*** Opening of RECORDED INFORMATION ***

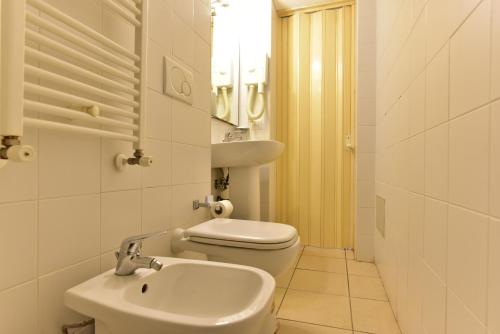 ローマにあるB&B Rome Terminal Houseの白いバスルーム(トイレ、シンク付)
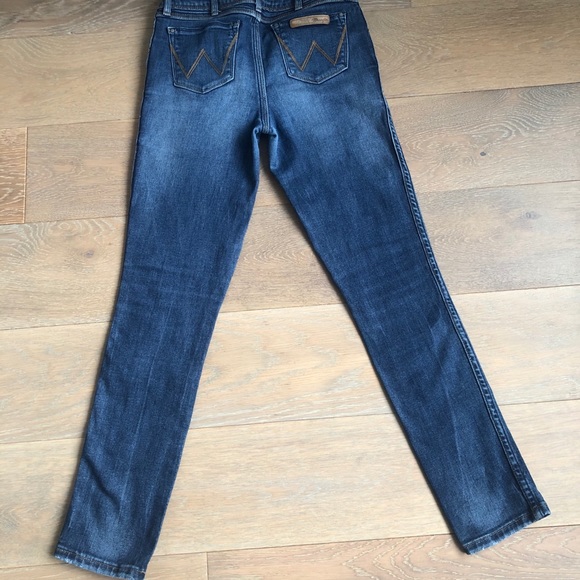 Petite Ankle  Lenght Wrangler Jeans - Picture 2 of 4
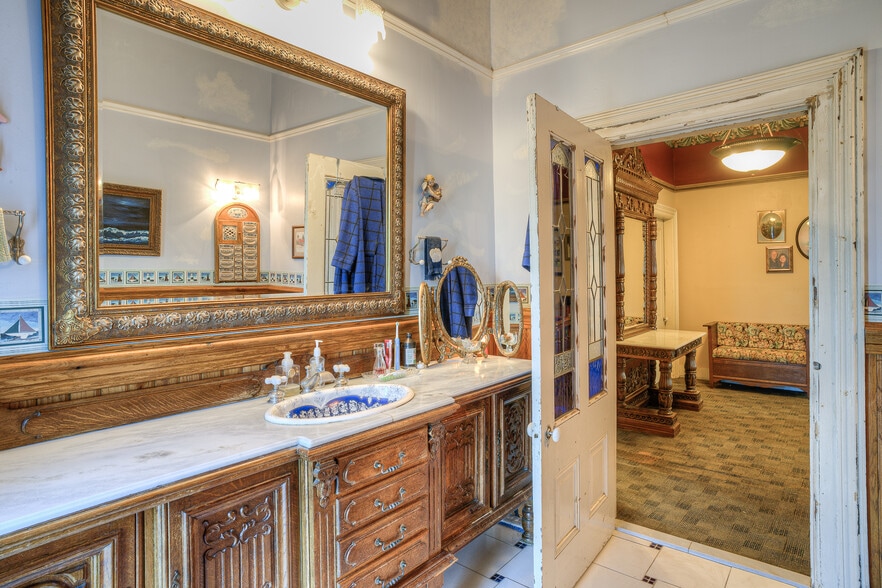 More Photos Of 2109 Robinson St, Oroville Specialty For Sale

*** Close of RECORDED INFORMATION ***

**EXERCISE INSTRUCTIONS**: Copy out all of the listing word for word, but skip the images.

**EXERCISE RESPONSE**:
 ローマにあるB&B Rome Terminal Houseの白いバスルーム(トイレ、シンク付)
 Petite Ankle  Lenght Wrangler Jeans - Picture 2 of 4
 More Photos Of 2109 Robinson St, Oroville Specialty For Sale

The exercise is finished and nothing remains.